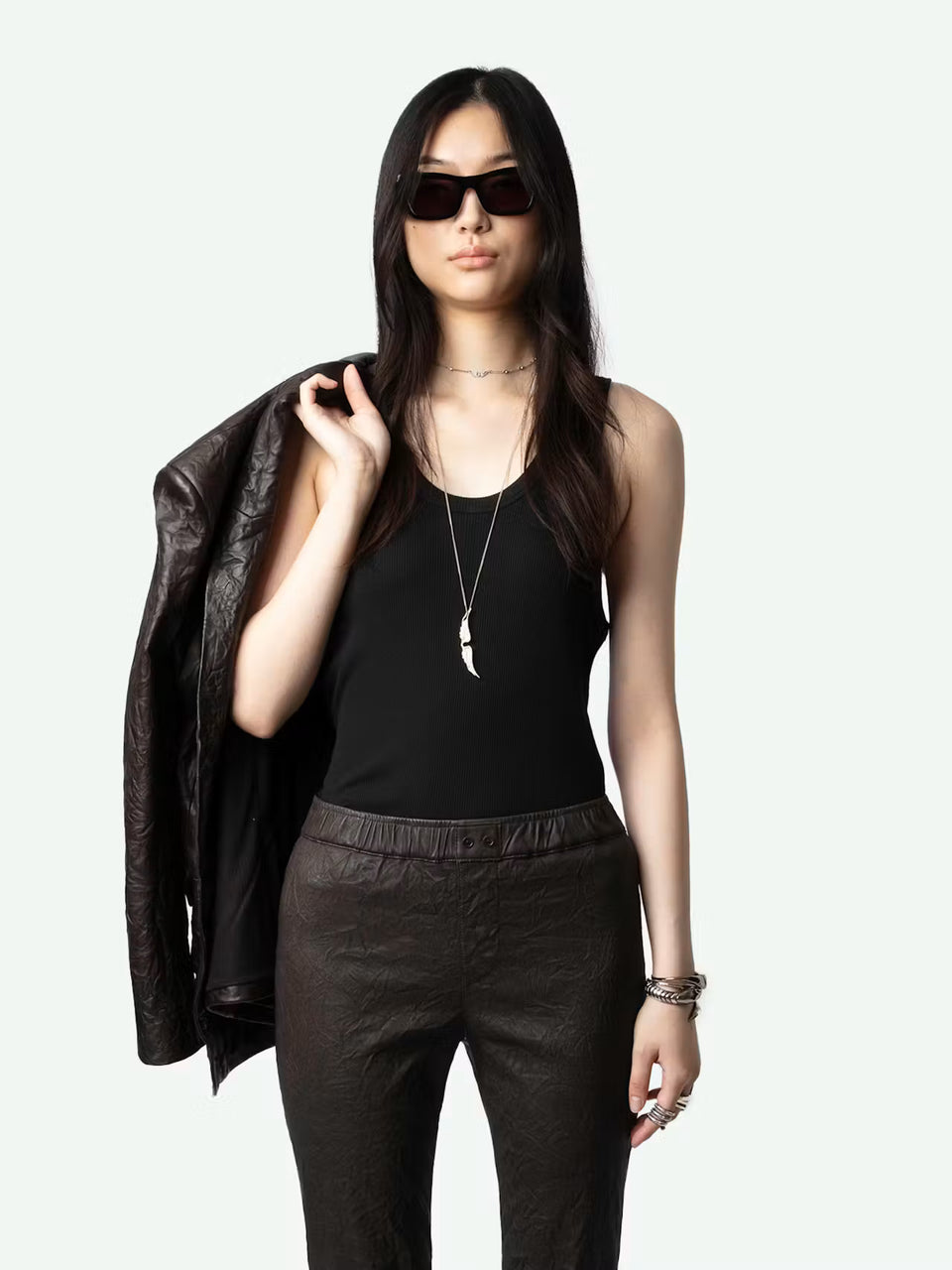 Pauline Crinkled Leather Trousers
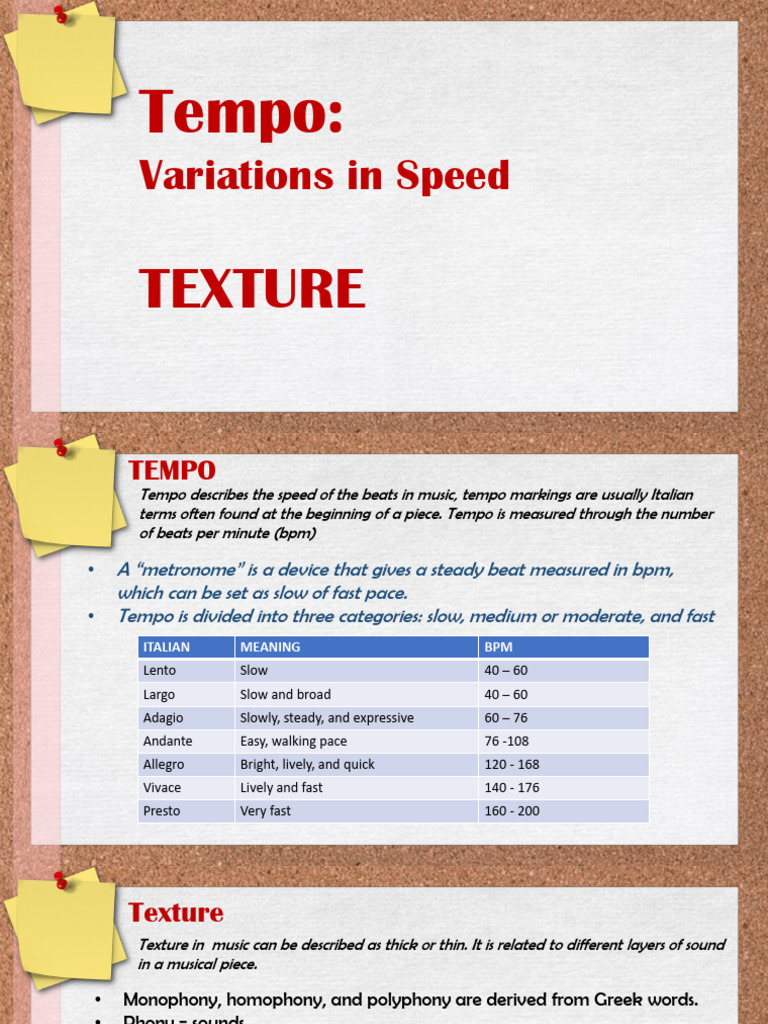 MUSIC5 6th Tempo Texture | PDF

==

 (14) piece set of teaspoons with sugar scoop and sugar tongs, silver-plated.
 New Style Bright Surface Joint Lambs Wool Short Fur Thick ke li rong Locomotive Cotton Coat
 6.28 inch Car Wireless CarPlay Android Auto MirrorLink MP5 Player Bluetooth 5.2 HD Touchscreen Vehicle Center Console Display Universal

#### Assignment:
In the entries above, restate word for word the lines between the one holding "New Style Bright" and the one holding "6.28 inch Car", inclusive, and nothing besides.

#### Result below:
 New Style Bright Surface Joint Lambs Wool Short Fur Thick ke li rong Locomotive Cotton Coat
 6.28 inch Car Wireless CarPlay Android Auto MirrorLink MP5 Player Bluetooth 5.2 HD Touchscreen Vehicle Center Console Display Universal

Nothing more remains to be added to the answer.